That would move Decker a step closer to starting at left tackle to protect Stafford much better than Robinson has so far.
Defensive tackle Khyri Thornton is eligible to return from his six-game suspension for violating the NFL's substance-abuse policy. Thornton would be a welcome addition because defensive tackle Haloti Ngata is out for the season with an elbow injury.
At Tuesday's practice, standout punter Sam Martin was kicking for the first time this season after being removed from the reserve/non-football injury list with an ankle injury.
So, what does Detroit want to accomplish during its bye week?
''Get healthy, that's the No. 1 thing,'' Lions coach Jim Caldwell said. ''That's going to be the primary focus, but then obviously there's some little things that we can work on. And, we got a lot of those.''
The Lions are averaging just 84 yards rushing, putting them ahead of just three teams in the league. Defenses don't have to respect Detroit's running game, allowing them to attack a shaky line to get to Stafford.
And when the Saints didn't sack Stafford, they were getting hands on a lot of throws near the line and they were credited with 16 passes defended.
''I've never really seen anything like that,'' guard Graham Glasgow said. ''But if we can fix it, we're going to work on it.''
Stafford, though, was largely to blame for the most recent loss because he threw three interceptions - after going four games without a pick - and lost two fumbles against the Saints.
As bad as he and the Lions looked, they were resilient enough to have the ball trailing by just seven points with five-plus minutes left in the game.
Detroit's comeback fell short and the setback was the team's third loss in a four-game stretch.
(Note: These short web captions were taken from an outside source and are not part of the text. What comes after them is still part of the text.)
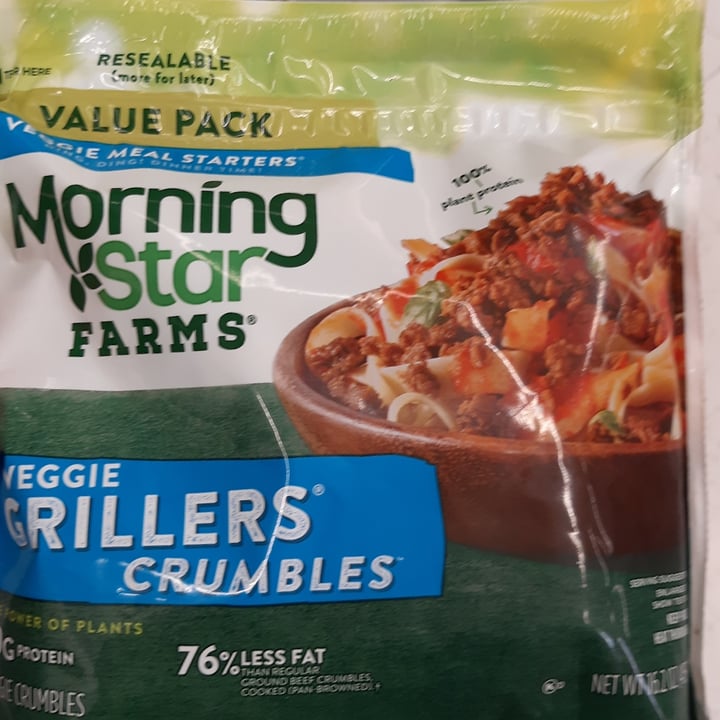 photo of MorningStar Farms veggie grillers crumbles shared by @ednariehl on  11 May 2022 - review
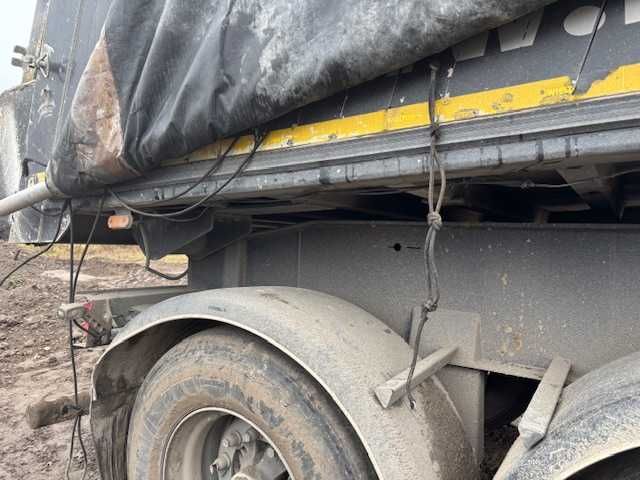 Naczepa aluminiowa Wielton, patelnia, wywrotka, uszkodzona,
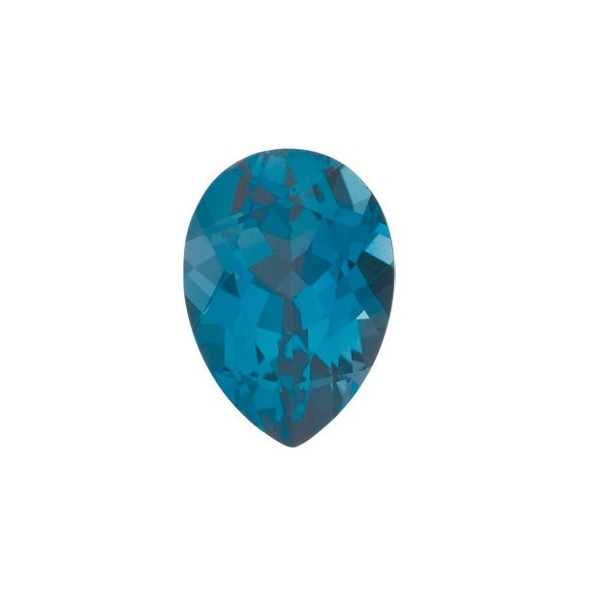 Topás London Blue slza 10 x 7 mm 2,35ct Fazetovaný TPXFAALO-10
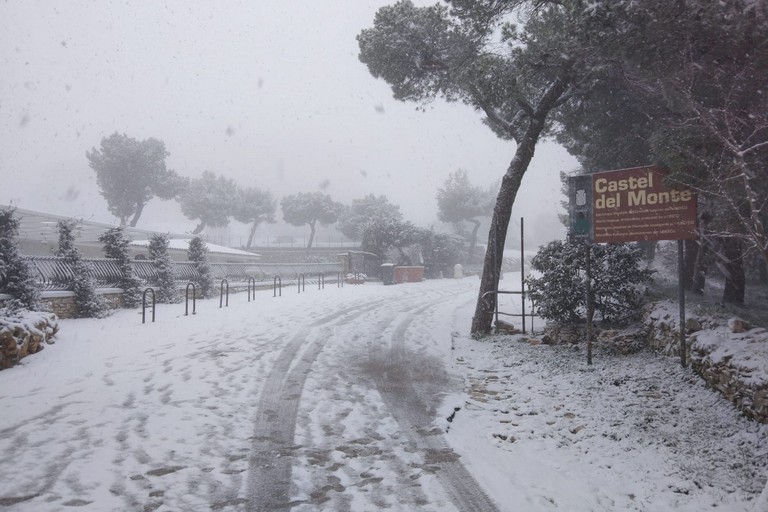 Neve sulla Murgia andriese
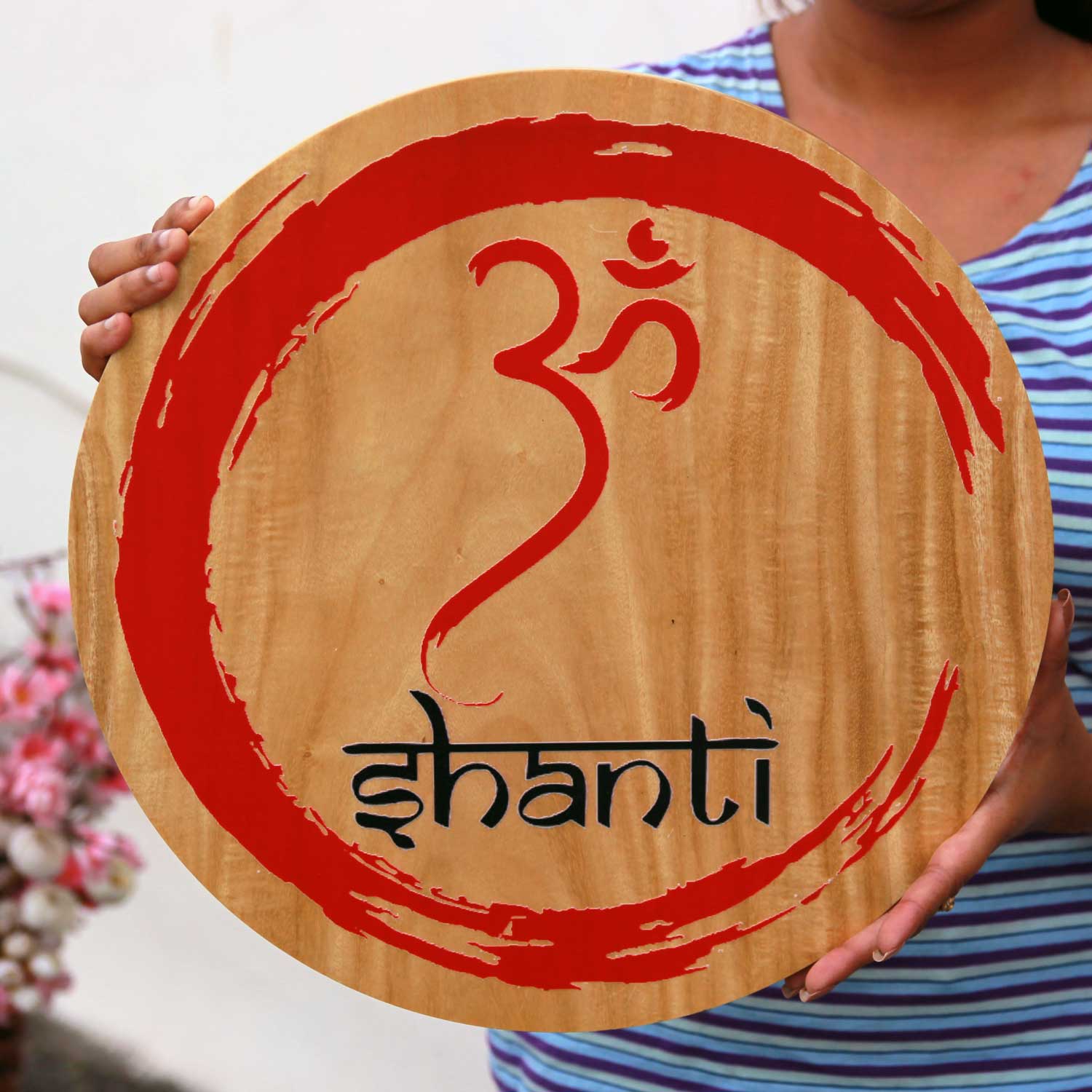 Om Shanti Personalized Wood Sign | Prints on Wood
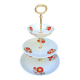 Serviteur presentoir en porcelaine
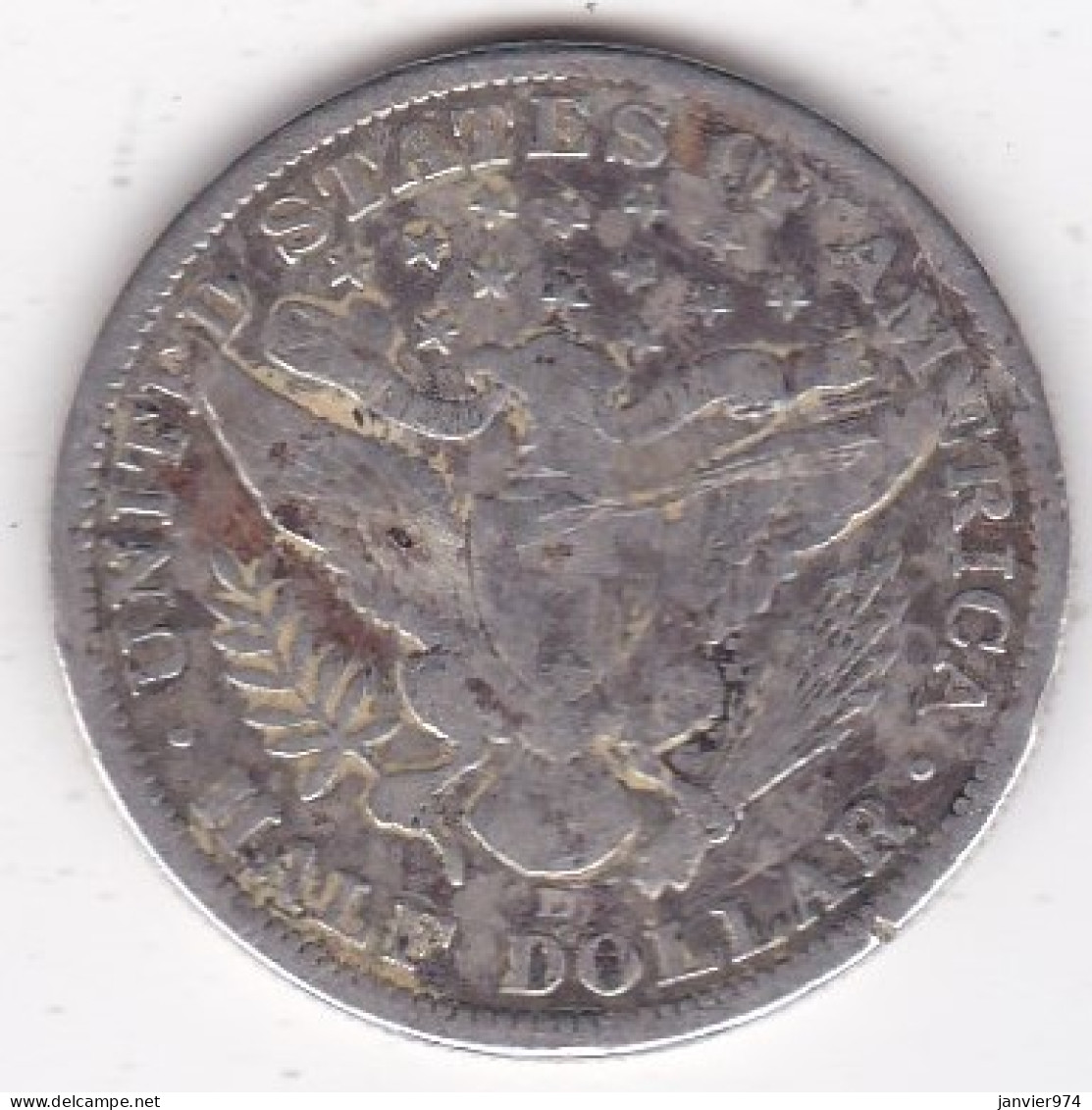 Etats-Unis . Half Dollar 1908 D Denver . Barber, En Argent - 1892-1915: Barber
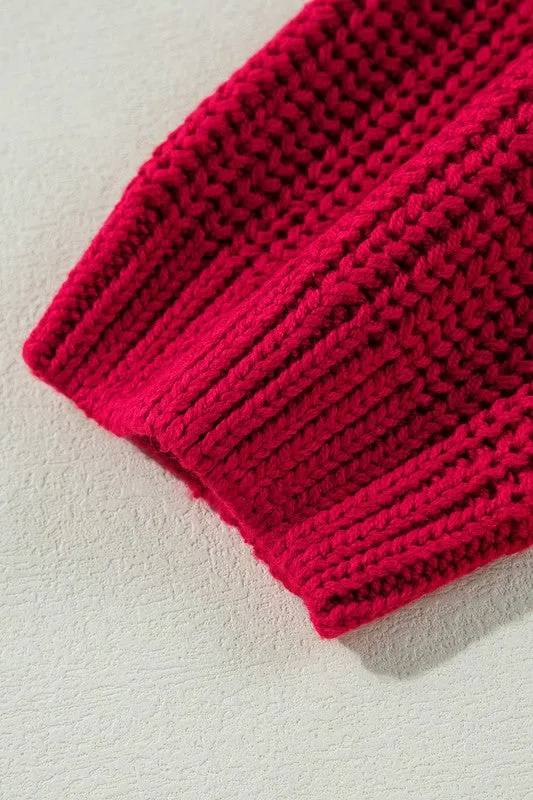 Off Shoulder Ribbed Knit Sweater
In the first loss, Tate was ruled just short of the end zone on a review, reversing the call on the field and leading to a 10-second runoff that allowed Atlanta to hold on for a 30-26 victory.
The Lions were less than 1 yard, or a few seconds, away from a 3-0 start after opening with wins over Arizona and against the New York Giants on the road.
Instead, Detroit is 3-3 and a game behind the Aaron Rodgers-less Green Bay Packers and the Minnesota Vikings, who lost Oct. 1 to the Lions at home.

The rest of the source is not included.